TASK TO CARRY OUT → Transcribe word for word the section of the records below that opens with the line containing "344 A Cassidy Court, Utica, IL 61373" and closes with the line containing "Dundee - Eisenbahnbrücke"; drop every picture.

EXTRACTED MATERIAL: Begin

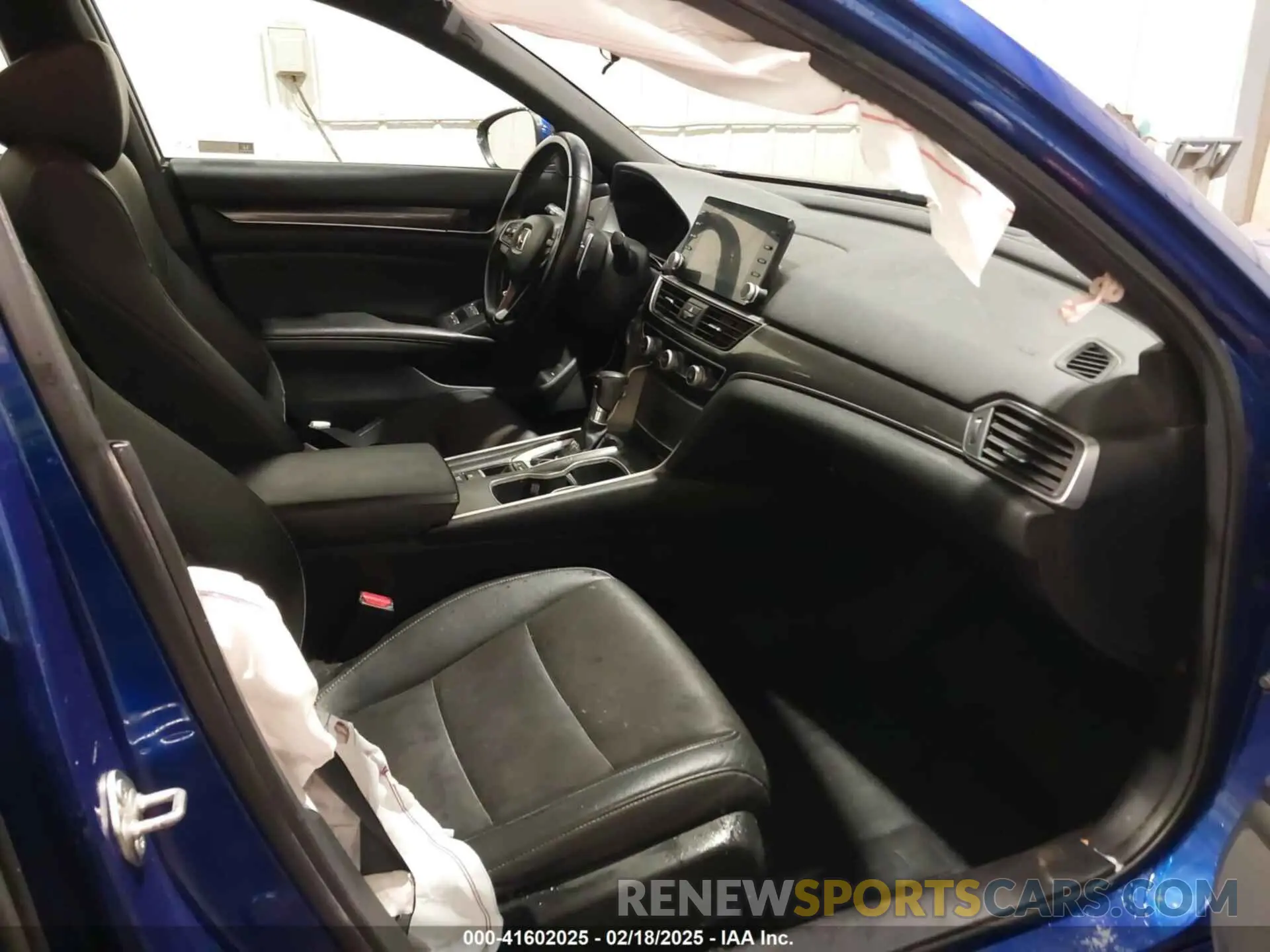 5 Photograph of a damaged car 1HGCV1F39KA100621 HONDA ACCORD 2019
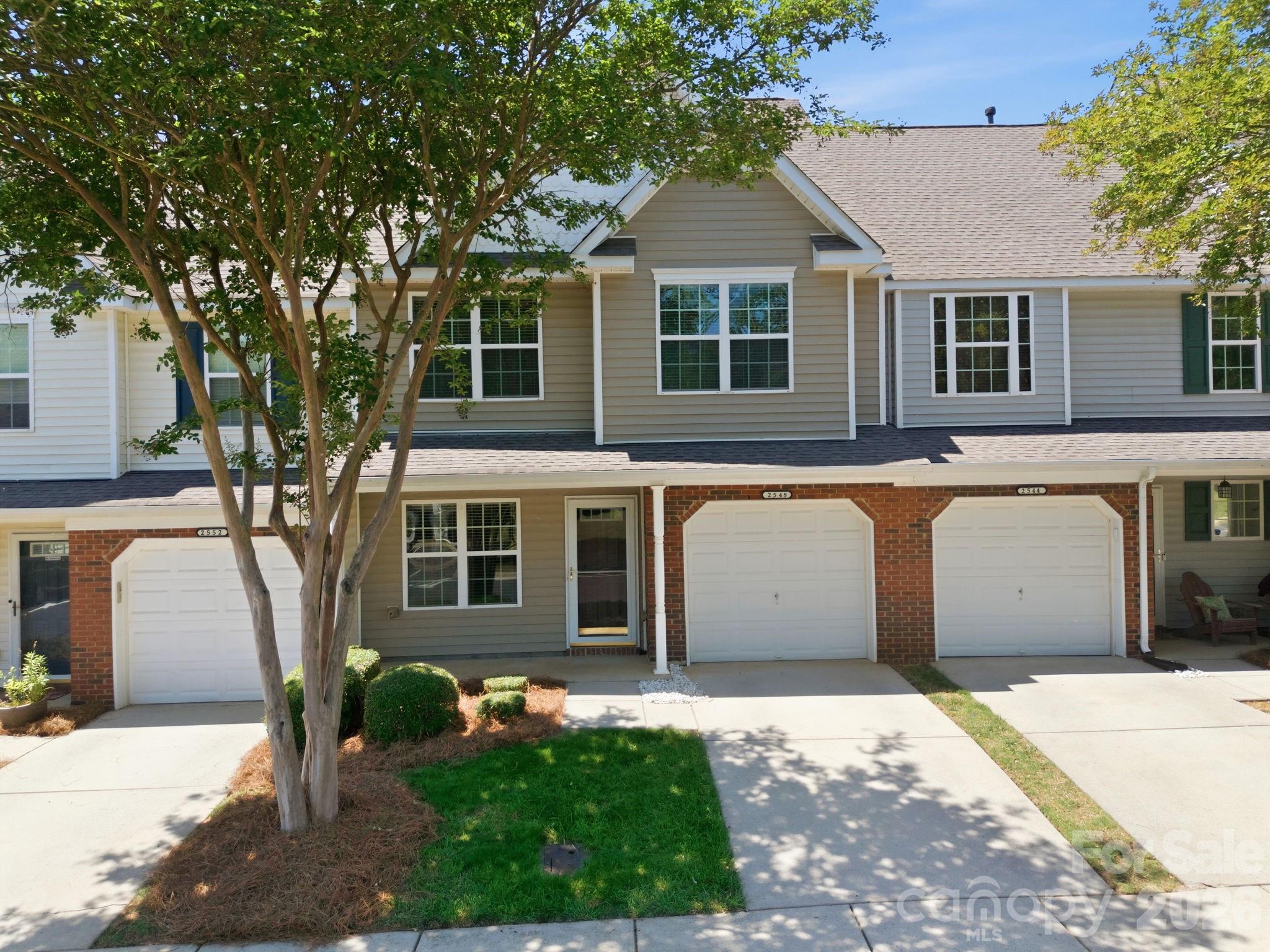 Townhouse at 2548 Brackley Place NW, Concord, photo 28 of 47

EXTRACTED MATERIAL: End
EXTRACTED MATERIAL: Begin

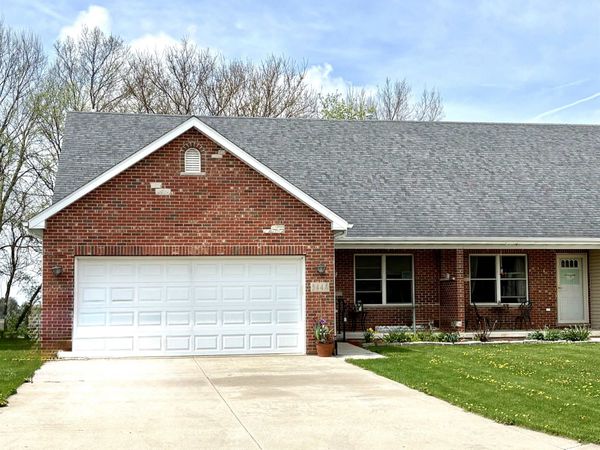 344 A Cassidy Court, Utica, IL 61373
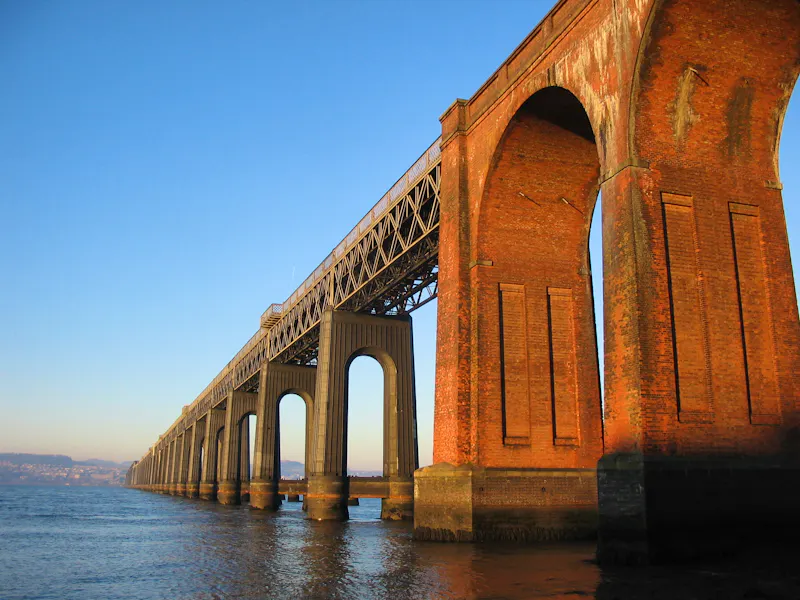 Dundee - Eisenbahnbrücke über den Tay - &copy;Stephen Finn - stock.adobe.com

EXTRACTED MATERIAL: End

EXPECTED OUTPUT →
 344 A Cassidy Court, Utica, IL 61373
 Dundee - Eisenbahnbrücke über den Tay - &copy;Stephen Finn - stock.adobe.com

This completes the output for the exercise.